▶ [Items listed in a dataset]
——

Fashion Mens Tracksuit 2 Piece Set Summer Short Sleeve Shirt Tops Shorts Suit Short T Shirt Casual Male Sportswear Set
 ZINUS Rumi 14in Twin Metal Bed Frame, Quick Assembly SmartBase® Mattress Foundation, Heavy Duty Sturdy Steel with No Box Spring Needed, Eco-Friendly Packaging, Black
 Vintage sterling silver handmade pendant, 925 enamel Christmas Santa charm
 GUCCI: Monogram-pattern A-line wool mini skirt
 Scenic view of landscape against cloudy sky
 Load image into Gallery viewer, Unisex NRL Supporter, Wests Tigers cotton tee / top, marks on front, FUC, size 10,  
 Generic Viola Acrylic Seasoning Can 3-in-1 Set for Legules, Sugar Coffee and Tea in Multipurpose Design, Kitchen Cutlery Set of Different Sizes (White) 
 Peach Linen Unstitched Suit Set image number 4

——

▶ [TO DO] Output the line holding "Load image into", then every later line through the end of the records above, exactly as given and nothing else.

▶ [RESULT BELOW]
 Load image into Gallery viewer, Unisex NRL Supporter, Wests Tigers cotton tee / top, marks on front, FUC, size 10,  
 Generic Viola Acrylic Seasoning Can 3-in-1 Set for Legules, Sugar Coffee and Tea in Multipurpose Design, Kitchen Cutlery Set of Different Sizes (White) 
 Peach Linen Unstitched Suit Set image number 4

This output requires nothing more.